* **REQUIRED WORK**:
Print nothing but the lines below starting at the line that holds "Used 2016 Kia" and ending at the line that holds "19'' Inch Originele", including both, each exactly as written.

Top of DATA IN THIS EXERCISE

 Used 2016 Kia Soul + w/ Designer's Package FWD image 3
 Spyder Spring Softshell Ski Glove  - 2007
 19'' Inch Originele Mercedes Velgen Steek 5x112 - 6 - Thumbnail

Bottom of DATA IN THIS EXERCISE
Top of DATA IN THIS EXERCISE

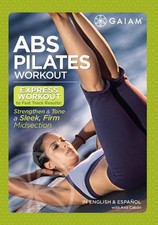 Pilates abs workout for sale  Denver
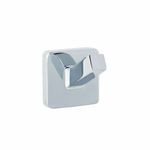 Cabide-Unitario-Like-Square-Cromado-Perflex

Bottom of DATA IN THIS EXERCISE

* **YOUR RESPONSE**:
 Used 2016 Kia Soul + w/ Designer's Package FWD image 3
 Spyder Spring Softshell Ski Glove  - 2007
 19'' Inch Originele Mercedes Velgen Steek 5x112 - 6 - Thumbnail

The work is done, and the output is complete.